I started treadmilling 3 - 4 miles a day, 6 - 7 days a week, for 30 minutes a day. Recently someone told me this could have adverse effects on my knees and joints. Is this true?

Kneed to know

Dear Kneed to know,

Lots of studies have been done on the long-term effects of running on knee health. As a whole, runners seem to have no greater amount of joint destruction or incidence of arthritis than non-runners. In fact, people who are inactive have more mobility problems later in life than their energetic counterparts. Of course, individual variations, such as the way a person trains, one's mileage, rest, recovery, and diet, and the structure of his or her bones and joints, also can have an impact on the health status of knees and other joints.

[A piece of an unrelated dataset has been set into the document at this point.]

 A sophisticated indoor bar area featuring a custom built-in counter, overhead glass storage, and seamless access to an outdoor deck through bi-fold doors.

So, how does this information relate to you? A few concerns come to mind based on the description you give of your training. First of all, it sounds as though you began using the treadmill at a rather high level of exercise. This may cause injury if your joints, muscles, and connective tissue (e.g., ligaments, tendons) are not strong enough to support all of this work. A safe, progressive training program involves increasing duration or intensity by no more than 10 percent per week. (What this means is, if you begin by running 20 minutes the first week, you would increase your time by 2 minutes the second week, and so on.) This gradation computation gives your body a chance to adapt to the growing demands of the activity.

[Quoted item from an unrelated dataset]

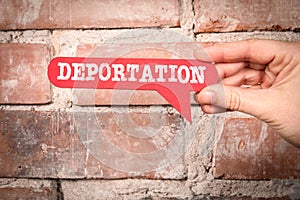 Deportation. Red speech bubble with text on a red brick background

Also, running seven days a week does not allow your muscles the rest and recovery they require for repair and strengthening. Injuries may occur more frequently in people with fatigued muscles. If you feel you must do something every day, try activities that utilize muscles not involved in running, such as upper body weight training. You may wish to use your treadmill a few times a week, and cross-train by swimming or cycling on other days, challenging and strengthening your muscles in different ways. By doing so, you can alleviate the concern of overuse. Varying exercise may also sustain your interest — many people get burned out by doing the same activity day after day after day.

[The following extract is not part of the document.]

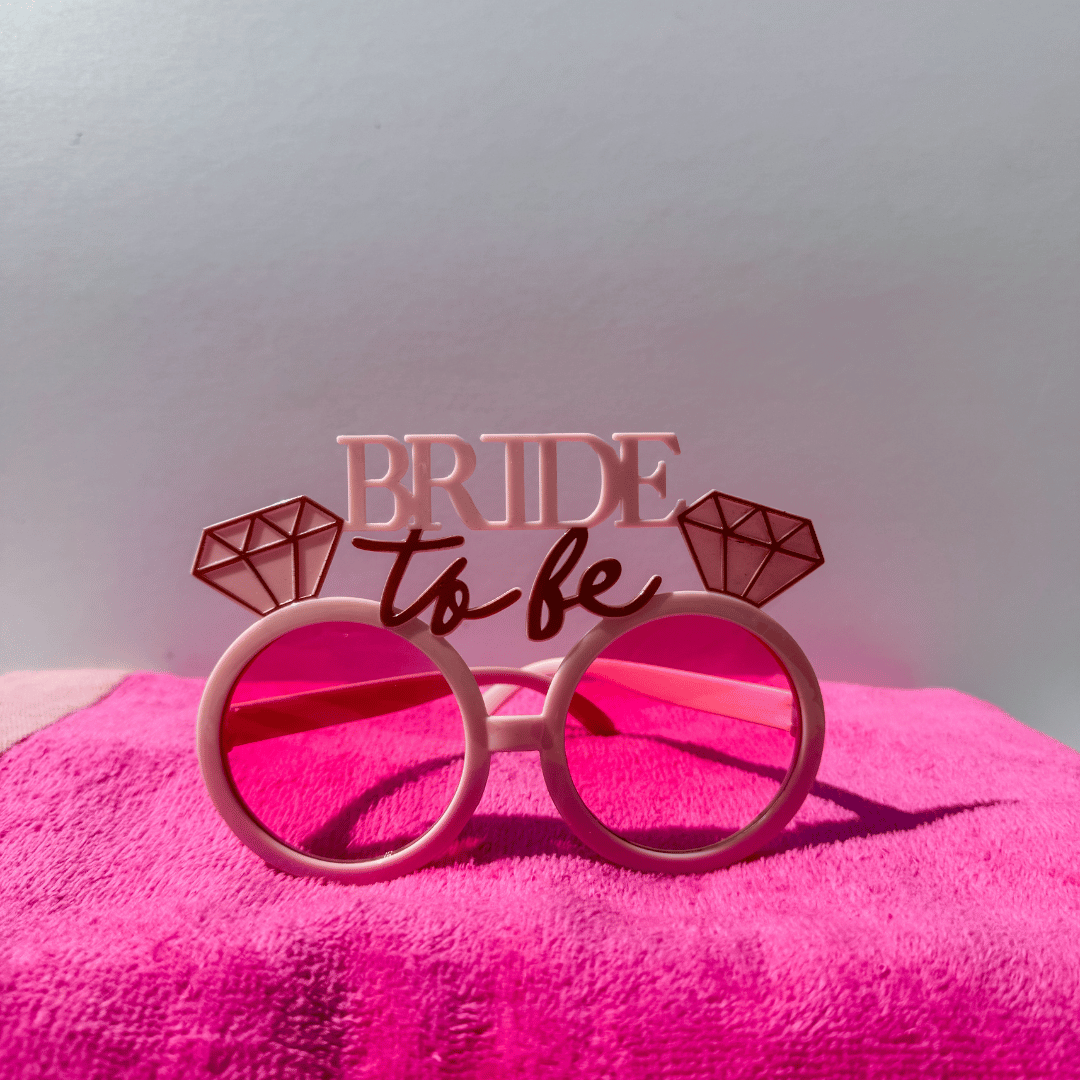Destination Bride Box gift set with bride cap, pink bride sunglasses and pool accessories for destination weddings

Another consideration is to do some weight training for your leg muscles. It's highly recommended to strengthen the muscles, tendons, and ligaments that support the knee. Knee stretches contains "how-to's" on leg shaping exercises and a description of each muscle or group of muscles that will benefit from such workouts. Many people neglect these exercises because they mistakenly think that their legs are "getting all the exercise they need" from their aerobic activity.